Che potrebbe esserci bisogno di un passo indietro lo ha in qualche modo ammesso anche il team principal di Petronas, Wilco Zeelenberg. “La moto – ha detto - aveva bisogno di una buona velocità massima di 10-15 km/h in più per evitare di essere sorpassati sui rettilinei. Ma per ottenere questo risultato quando non puoi realizzare una nuova moto devi lavorare su altri aspetti. Solo che poi non tutto può essere testato a dovere e, soprattutto, non è stato possibile in questa stagione. La voglia di sviluppare e migliorarsi sempre a volte porta a blocchi perché sorgono problemi imprevisti”.

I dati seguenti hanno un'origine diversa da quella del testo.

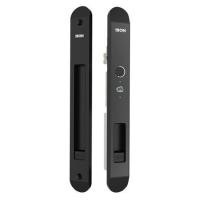ราคา มือจับประตูดิจิตอล MULTI-F DIGITAL LOCK ISON DLH-99C2-BL (1290527)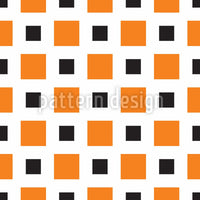 patterned-wallpaper-simply-square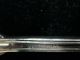 Vintage J.  E.  Caldwell & Co.  Sterling Large Spoon Serving 173 Gram No - Reserve Other photo 2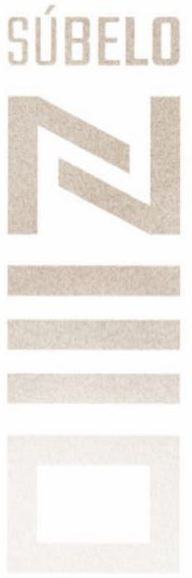 SubeloNeo music producer logo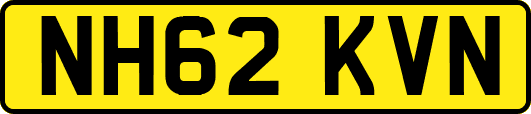 NH62KVN
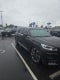 2020 Lincoln Aviator Reserve Premium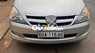 Toyota Innova bán innvoa 2007 G xe gia đình .nội thất ngoại thất 2007 - bán innvoa 2007 G xe gia đình .nội thất ngoại thất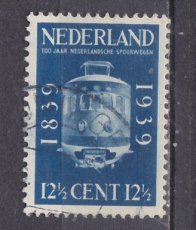 NED 0326, g1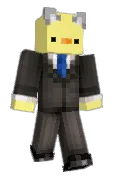 SoggySoupii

E’ chiaro, quindi, che la Yamaha M1 2020 non è una moto da buttare, anche perché è stata comunque la moto più vincente, ma sembra altrettanto chiaro che ci sia bisogno di fare un reset o almeno di tornare qualche passo indietro, per capire dove lo sviluppo della M1 s’è trasformato in realtà in involuzione. Ecco perché la moto di Franco Morbidelli, quella del vicecampione del mondo, sarà verosimilmente il punto di partenza della nuova Yamaha. Ed ecco perché abbiamo il serio dubbio che Morbidelli consideri ancora una sofferenza il non poter contare sulla stessa M1 degli altri.